My own passion as a writer has to do with a third function — the artful, creative representation of paradox and contradiction. How do we look at views we find loathsome but with compassion? And how do we find points of mutual respect without sacrificing our principles? How do we do all this, as F. Scott Fitzgerald asked, without cracking up? This is the test, he said, of first-rate minds.
At BMI’s The Writer in the World event, we welcome six first-rate minds to UNLV. Olivia Clare, Vu Tran, Tom Bissell, Charles Bock, Cheryl Strayed, and Wole Soyinka will all speak to us, in original pieces, written for the occasion, about their understanding of the writer's role in the world. Coming less than two weeks from election day, it is sure to be hot. I hope you’ll come and help me continue the conversation about what we share and what we stand for. And I hope you'll help stand in the contradiction that the great halls of courage are often lit up by kerosene lamps of great fear.
About the Speakers
Joshua Wolf Shenk is journalist, essayist, editor, teacher, and literary innovator, Shenk brings to BMI experience in nearly every aspect of the world of letters. He is the author of the national bestseller Powers of Two: How Relationships Drive Creativity and the acclaimed Lincoln’s Melancholy.

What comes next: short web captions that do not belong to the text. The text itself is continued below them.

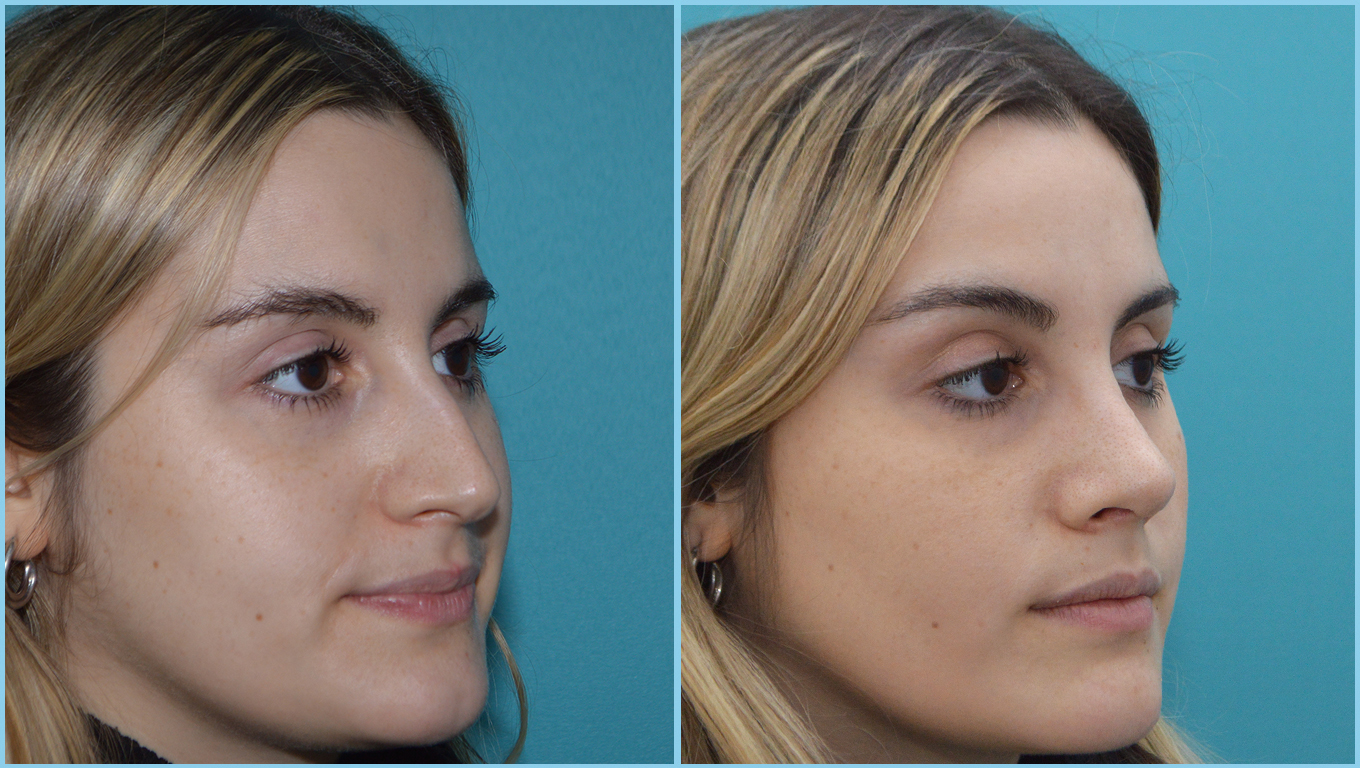 Rhinoplasty Before & After Gallery - Patient 55959458 - Image 2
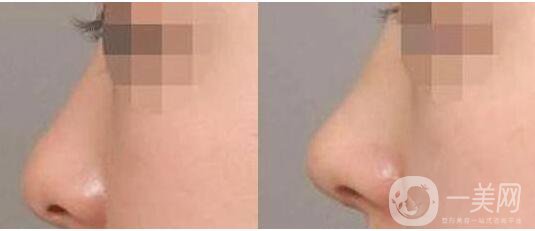 上海,玻尿酸隆鼻,價(jià)錢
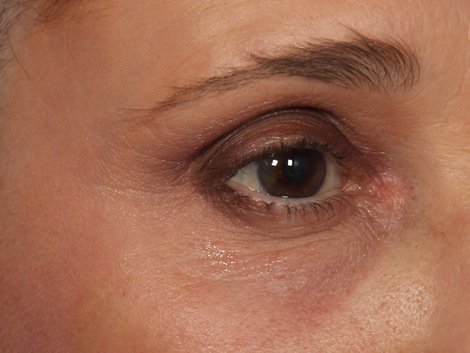 Thermage® before and after photo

Wole Soyinka is a Nigerian playwright, poet, and political activist. He was awarded the 1986 Nobel Prize in Literature, the first African to be honored in that category. Soyinka has been involved with BMI since its beginning.
Cheryl Strayed is an American memoirist, novelist, and essayist. The author of four books, her award-winning writing has been published widely in national magazines and anthologies.
Tom Bissell is the author of nine previous books, most recently Apostle, and has been awarded the Rome Prize and a Guggenheim Fellowship. He writes frequently for Harper’s Magazine and The New Yorker. Bissell was BMI’s first visiting fellow.
Vu Tran is a Vietnamese-American writer whose debut novel, Dragonfish, is set in Las Vegas. He received his PhD from UNLV in 2006 and is an assistant professor at University of Chicago.
Charles Bock is an American writer whose debut 2008 novel Beautiful Children (published by Random House) was selected by The New York Times as a Notable Book of the Year for 2008, and won the 2009 Sue Kaufman Prize for First Fiction from the American Academy of Arts and Letters. He was born and raised in Las Vegas.
Olivia Clare is the author of a short story collection, Disasters in the First World, and a novel (forthcoming from Grove Atlantic). She is also the author of a book of poems, The 26-Hour Day (New Issues, 2015). She received her PhD from UNLV in 2016 and is an assistant professor at Sam Houston State University.